Feels good to know that there's actually people reading my blog! It not be a massive number, but it still feels good to know that there's someone supporting you somewhere. And I actually found out that my readers are not only from Malaysia but some are from Singapore and Australia! I don't think Jo is the one because she doesn't even know my blog link. :P
Life has been shitty to me for the past few months and I feel like I'm going to have a breakdown AGAIN sometime. =X It's just that the pressure is building up in me and I have nowhere to release it out. How nice if you can release your stress by farting or burping. Then no one in this world will have stress, right?
Yea, I should take it easy and maybe breathe in some air? There's nothing I could do, you know? I felt that someday I will suffocate by all this pressure around me. If life is just about all this, I don't really know what's the real reason people should live. I know I'm being negative, but isn't life suppose to be happy and colourful? But mine is just grey, grey and grey.

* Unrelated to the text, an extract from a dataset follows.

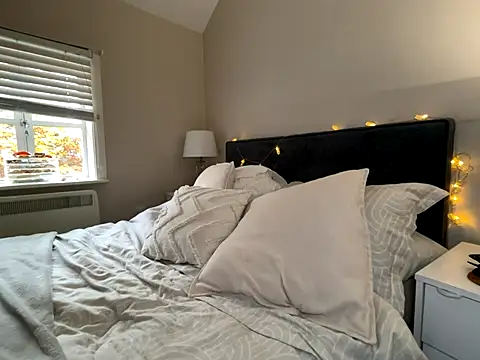 FrancescaXO online show from November 2025 02:31:02 PM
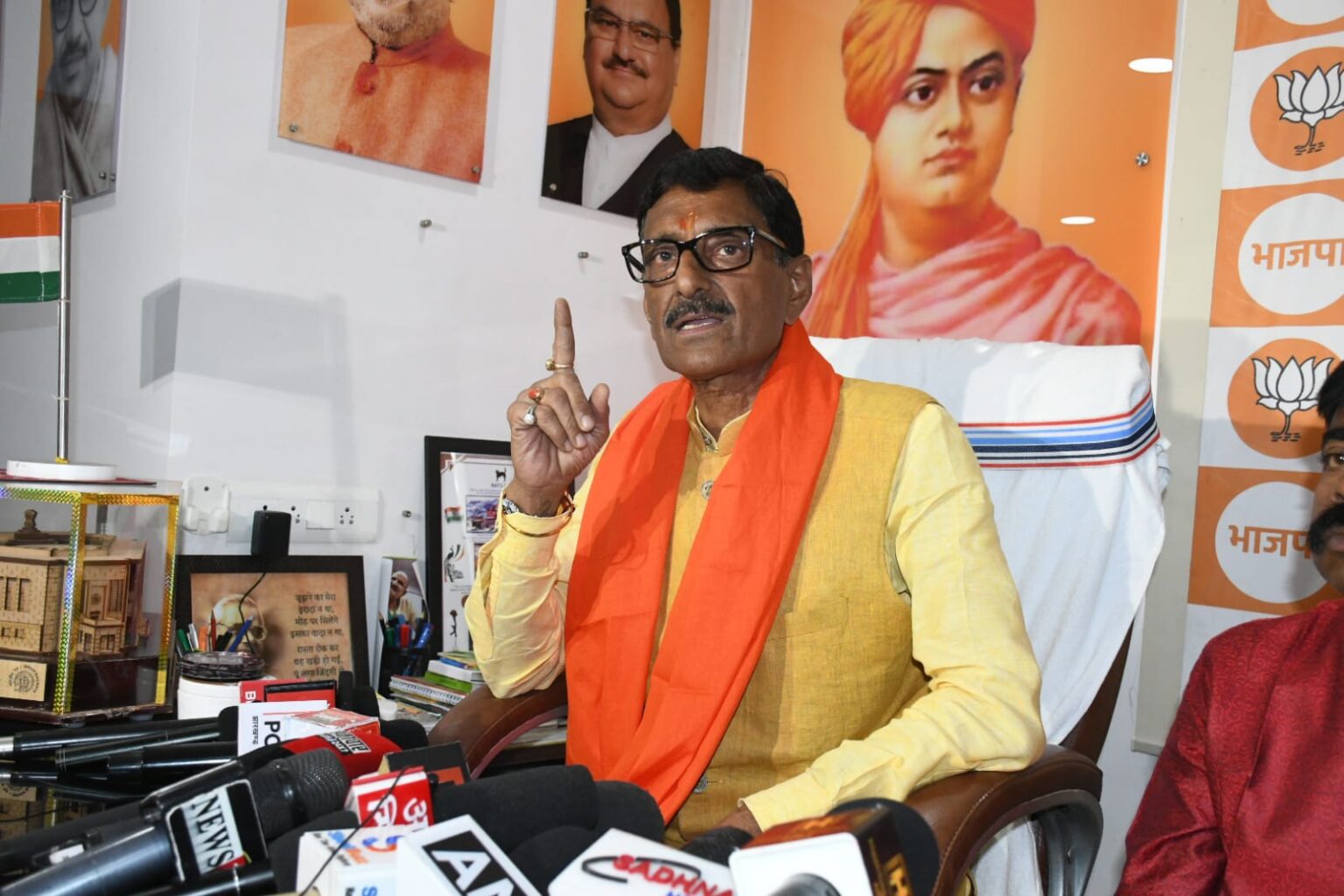 ओवैसी पर देशद्रोह का मुकदमा चले : संजय सेठ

I actually felt calmer looking at the rain drops dropping down. I wanna stand in the middle of the road and let the rain drops clear my mind. But I didn't. I'm already sick for nearly 3 weeks and I wanna get better. Maybe I need a physcologist to help me? Nah, talking doesn't even help right now. I don't even know what's bothering me right now. Every lil thing could trigger my emotions now, I rarely talk at home now, which is a massive change in me. How could I, Chen Wei Seine not talk? It's just not right. = Crying myself to sleep seems like a daily routine to me now. How I wish everything would just go away. Maybe I should learn some magic to make it all vanish? I just want to lead a life that everyone 16 years old teenager should have.
Even watching comedy shows couldn't make me laugh now. I don't wanna grow up and become some mental physco, but I know if I keep on burdening myself like that, I will somehow become one. Maybe I should just take a break from everything? But how is that going to work out? So eventually my happiest time of all is when I'm sleeping, I can actually breathe smoothly without worrying what's going to happen the next minute. I can actually relax by then. I refuse to get up every morning because I know what is ahead of me, but I need to pull myself together and just get my ass of my bed. If I'm not there for her, who will? So can I sleep forever like Sleeping Beauty and wait for my prince to appear? Nah, I wouldn't need a prince to come, I just need my problem to go away, that's all. Is all this too much to hope for?